De Vallejo Nájera sabía bastante porque había leído mucho sobre la teoría eugenésica de los nazis para escribir mi anterior novela. Todas las teorías de él vienen de ahí. Era uno de sus principales valedores en España. Al franquismo le iba muy bien asociar la libertad individual y todo aquello que no respondía a su ideario con la enfermedad mental. De manera que ser libre, proletario, luchar por tus derechos sociales y laborales o ser marxista se asociaba a tener una salud mentad débil. Respecto a las mujeres, Vallejo Nájera tenía la idea de que aquellas que se 'contagiaban' de las nuevas ideas progresistas eran más recalcitrantes que los hombres. Toda su teoría se basaba en separar a estas mujeres de sus hijos para poder así extirpar de alguna manera el gen marxista.

¿Le da la impresión de que hemos avanzado mucho en lo que se refiere al tratamiento de la salud mental?

La sensación que yo tengo es que hay pequeños grupos que han avanzado mucho, como estos psiquiatras finlandeses que cito en la novela, pero el sistema lo ha hecho muy poco, estamos en pañales. No solo en la psiquiatría. Si pensamos en el feminismo o en la educación pasa lo mismo.

Parece que lo que se pretende buscar con la medicación que reciben las personas con enfermedad mental es la vía rápida para tapar el problema más que darle una solución.

Eso pasa porque estamos medicando nuestros miedos más que su dolencia. Algunos síntomas de la enfermedad mental como el brote psicótico nos dan miedo a los que no los tenemos. Hay una cuestión de dinámica de poder, que maneja no los enfermos de salud mental, si no los médicos, los políticos y los 'sanos', que tememos determinados síntomas. Esos miedos son los que están marcando la agenda farmacéutica, no las verdaderas necesidades de los enfermos.

En la novela aborda otro tema que, al igual que la enfermedad mental, sigue siendo tabú, el alcoholismo.

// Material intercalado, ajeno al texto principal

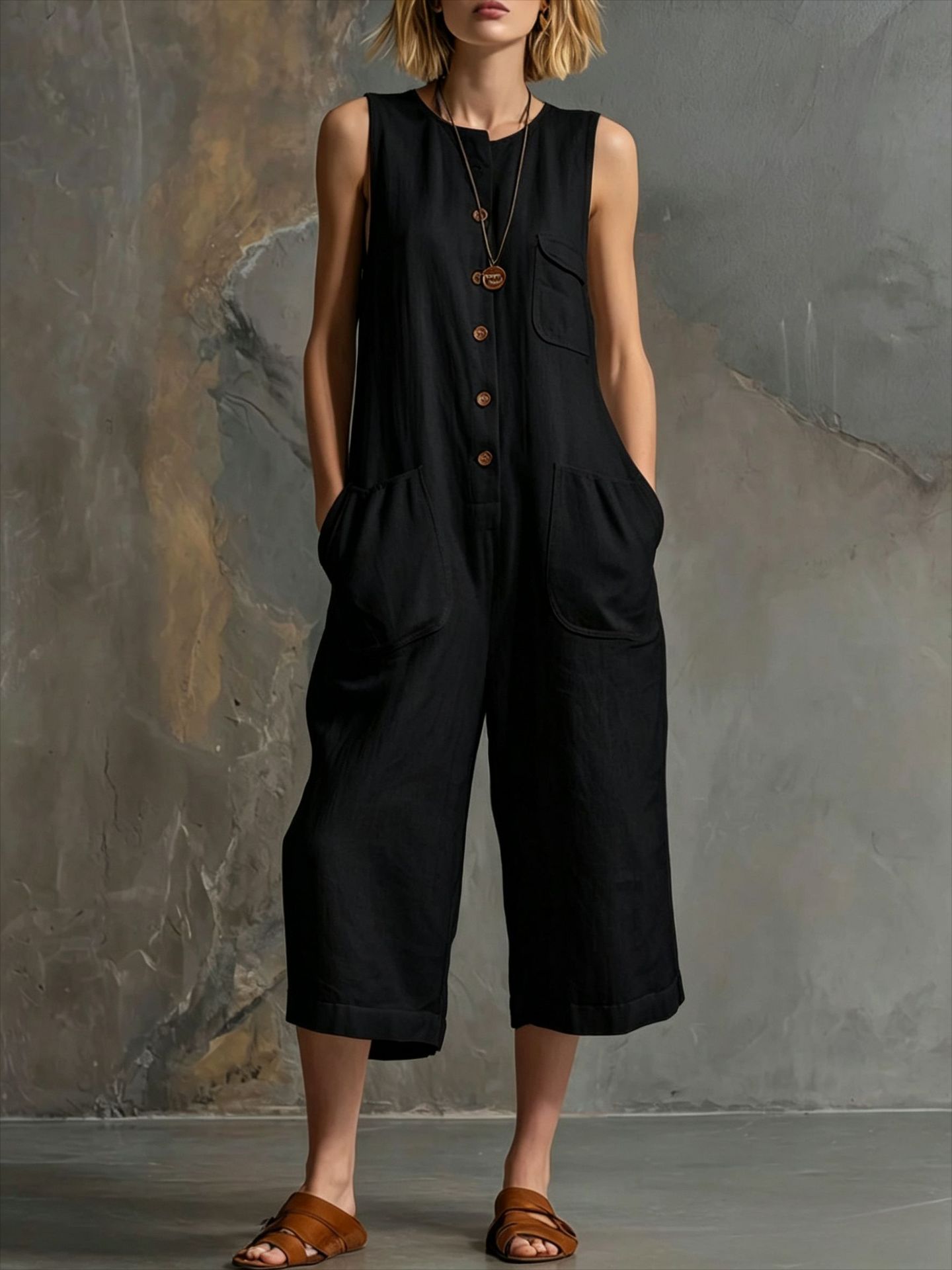 Vintage-Inspired | Women's Wide-Leg Jumpsuit with Sleeveless Design | Chic Retro Style for Effortless Fashion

Me parece muy interesante escarbar en por qué determinadas sustancias que alteran la conciencia y tienen serios efectos sobre la salud física y mental de las personas son legales y otras no. Yo tengo la intuición de que el alcoholismo en nuestras culturas occidentales tiene que ver con la gestión de la masculinidad. Mi abuelo, por ejemplo, se hizo alcohólico porque realmente estaba intentando gestionar sus emociones, pero en España, en los pueblos, en su época, todos los hombres bebían. Creo que tenemos que crecer un montón, que tenemos mucho trabajo por hacer y que el feminismo es una bendición para los hombres. Porque cuando pillemos de una vez de qué va el rollo entenderemos que tenemos una relación con las emociones terrible y que nos cuesta muchísimo lidiar con ellas y que la masculinidad, tal y como la entendemos y vivimos, es muy rígida y dura. Eso es algo heredado y el problema de la violencia doméstica también tiene que ver con el miedo, por ejemplo, a que te sean infiel y con esa masculinidad que no soporta ser vulnerable. Cuando tú te tomas un par de whiskies toda esa tensión corporal de ser hombre pesa menos y por eso hay un montón de alcohólicos. La masculinidad es una causa real de enfermedades en el cuerpo de los hombres y el feminismo es una cosa que necesitamos como el agua.

Da la sensación de que detrás de esa voluntad de reconstruir la vida de su abuelo, Nicomedes Miranda, había una necesidad de buscarse a sí mismo.

Hay varias voces dentro de las personas. Por una parte, en mi caso, estaba la del escritor, que me decía que para qué me iba a ir a algo lejano cuando mi familia es un material muy auténtico, que conozco de verdad y con muchas historias interesantes. Todas las cosas que le pasaron a mi familia no me dan vergüenza, pero esa parte de perder la vergüenza y sentir el orgullo de la propia clase social a la que uno pertenece y ser capaz de hablar de las dificultades es algo que mi familia no había podido desarrollar porque estaba más pendiente de llegar a fin de mes. Ha sido un lujo increíble poder honrar de alguna manera a mi pasado, a mi clase social y a mi marca de estirpe, que tiene que ver con la pobreza y con la subsistencia.

Antes de terminar, ¿qué tal ha llevado el confinamiento?

Vivo solo y me gusta la soledad, pero el confinamiento me ha hecho ver que soy muy social y lo necesario que es mirarnos a los ojos, tocarnos, abrazarnos, salir y todo lo que damos por supuesto hasta que no lo podemos hacer.